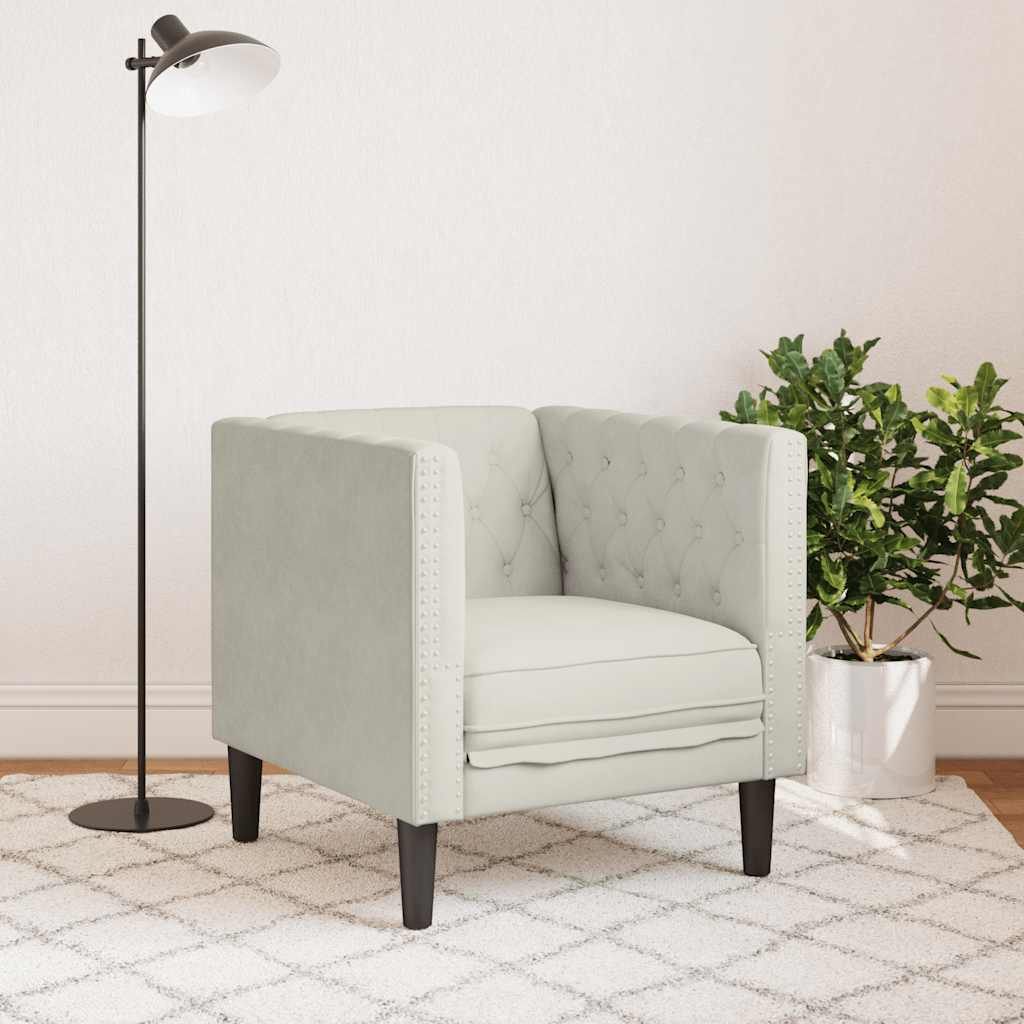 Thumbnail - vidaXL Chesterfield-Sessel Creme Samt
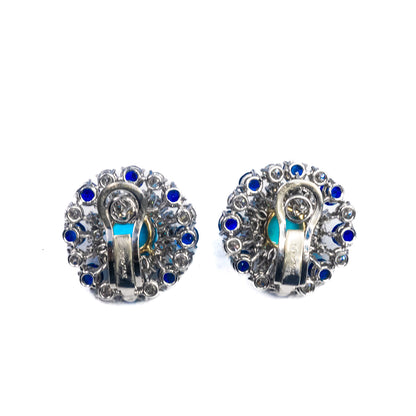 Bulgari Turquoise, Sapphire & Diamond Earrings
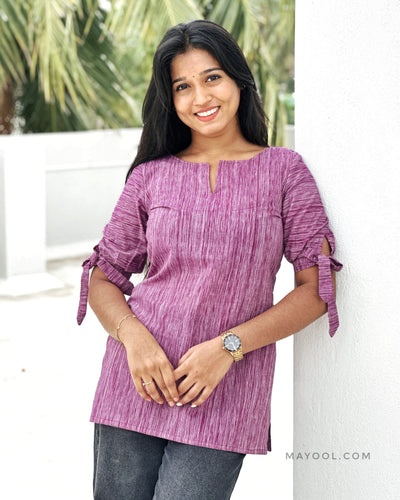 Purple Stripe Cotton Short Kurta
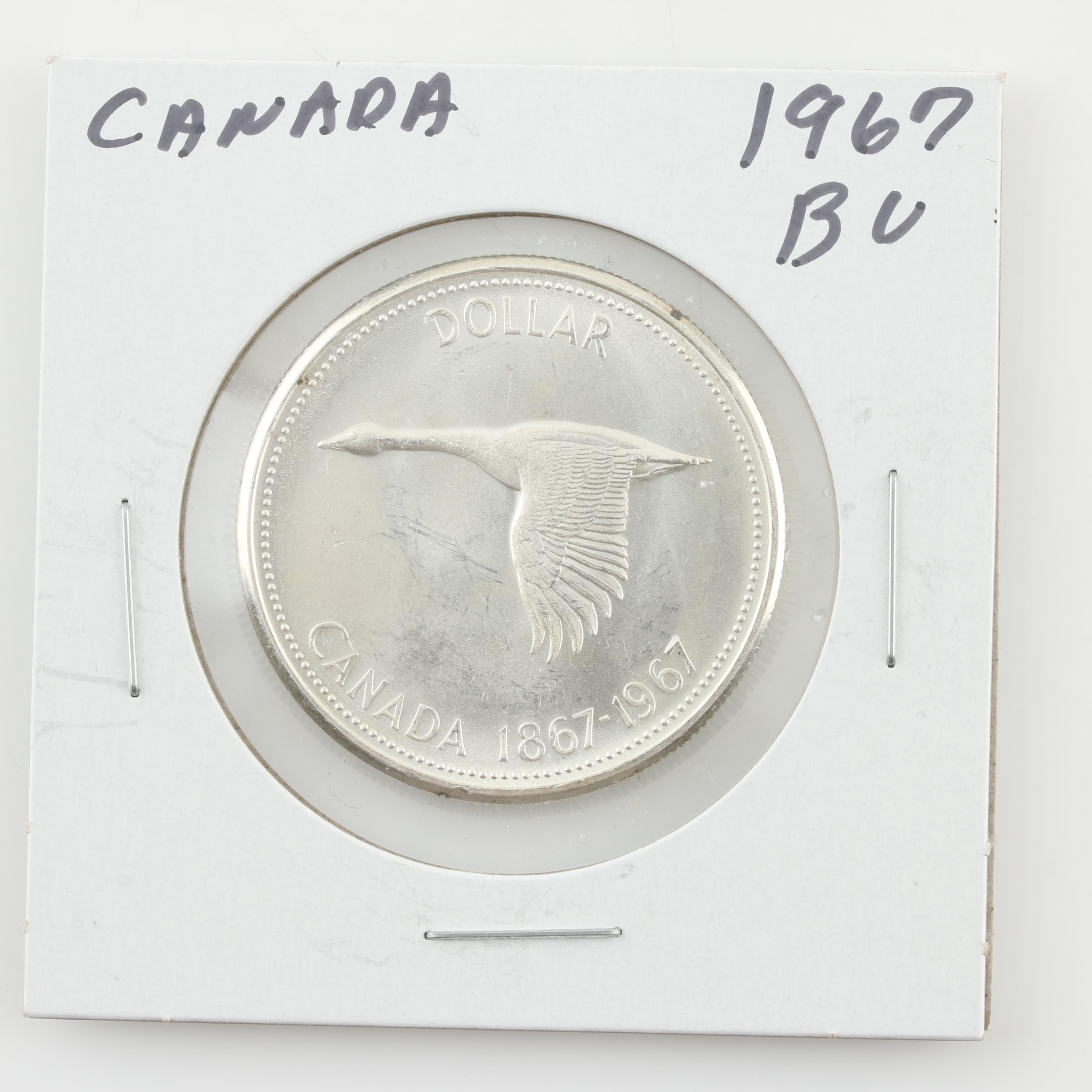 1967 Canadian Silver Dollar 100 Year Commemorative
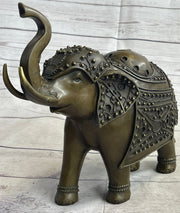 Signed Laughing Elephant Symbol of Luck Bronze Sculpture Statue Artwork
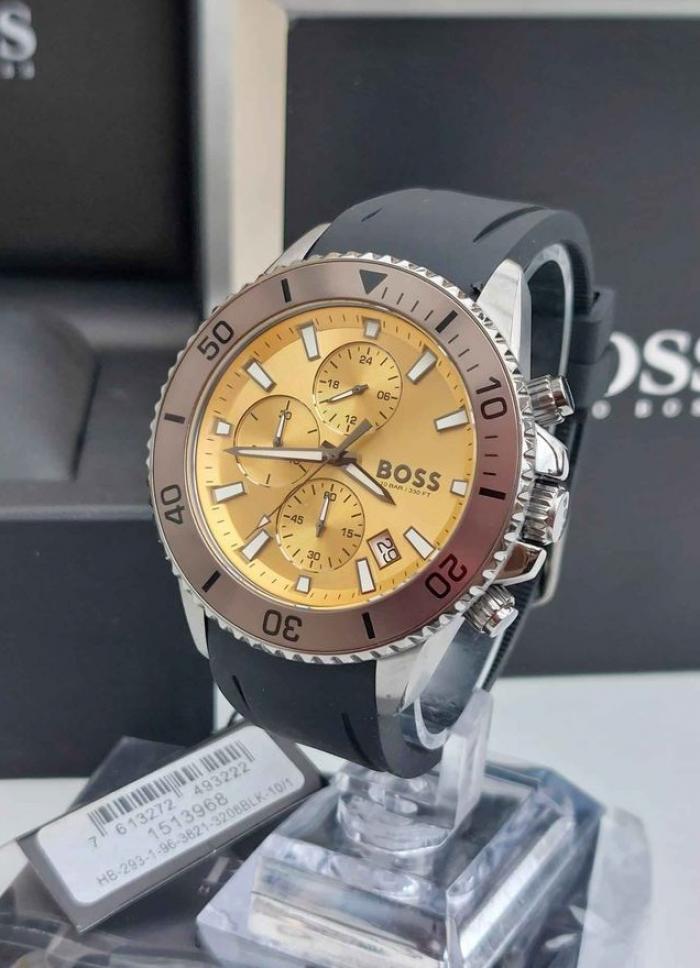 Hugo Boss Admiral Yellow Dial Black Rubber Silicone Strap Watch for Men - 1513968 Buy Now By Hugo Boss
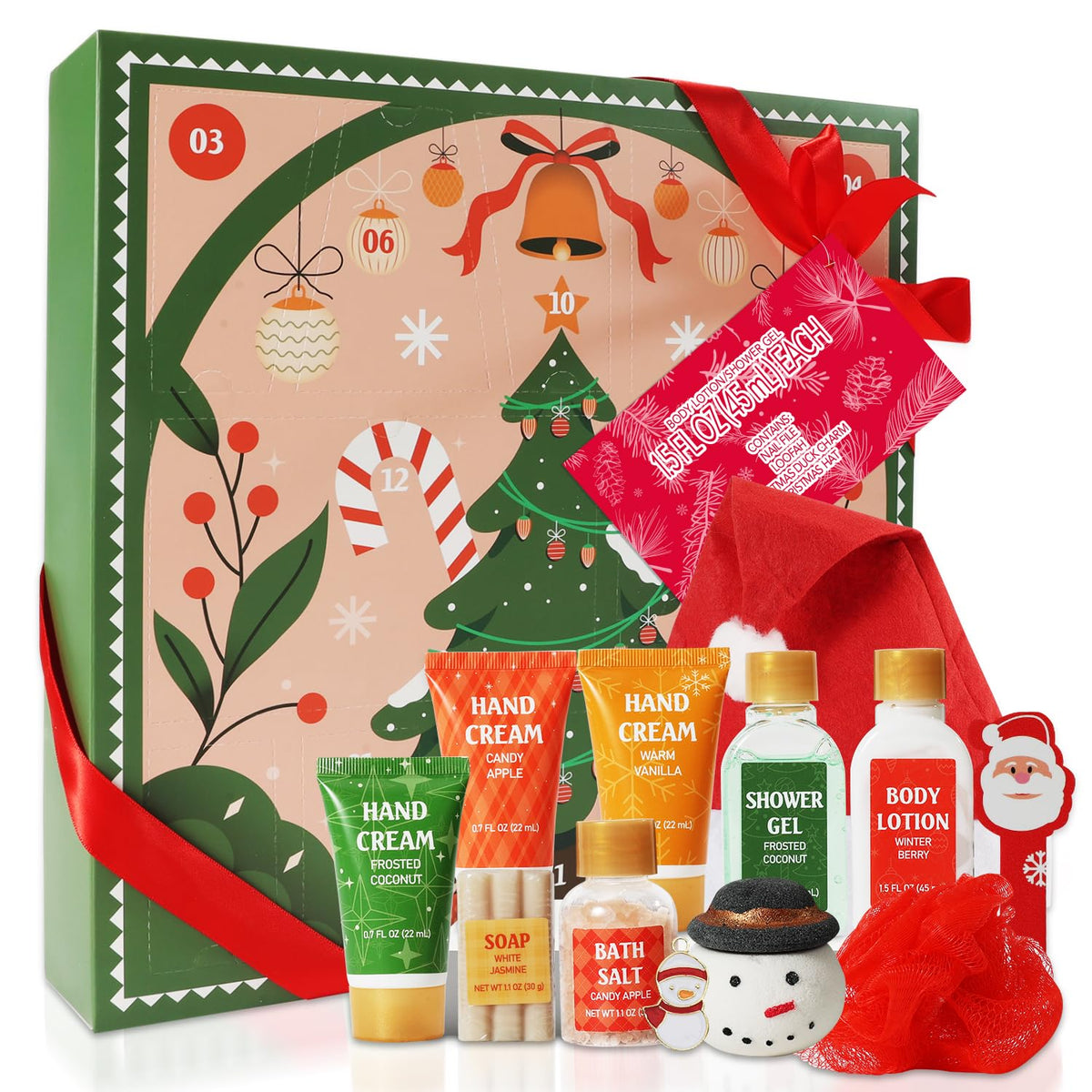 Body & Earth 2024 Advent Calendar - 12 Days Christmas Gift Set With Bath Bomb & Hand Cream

+ + + + +

Exercise objective: Would you write out an exact copy of the entries above, with no images?

Task solution:
 Thumbnail - vidaXL Chesterfield-Sessel Creme Samt
 Bulgari Turquoise, Sapphire & Diamond Earrings
 Purple Stripe Cotton Short Kurta
 1967 Canadian Silver Dollar 100 Year Commemorative
 Signed Laughing Elephant Symbol of Luck Bronze Sculpture Statue Artwork
 Hugo Boss Admiral Yellow Dial Black Rubber Silicone Strap Watch for Men - 1513968 Buy Now By Hugo Boss
 Body & Earth 2024 Advent Calendar - 12 Days Christmas Gift Set With Bath Bomb & Hand Cream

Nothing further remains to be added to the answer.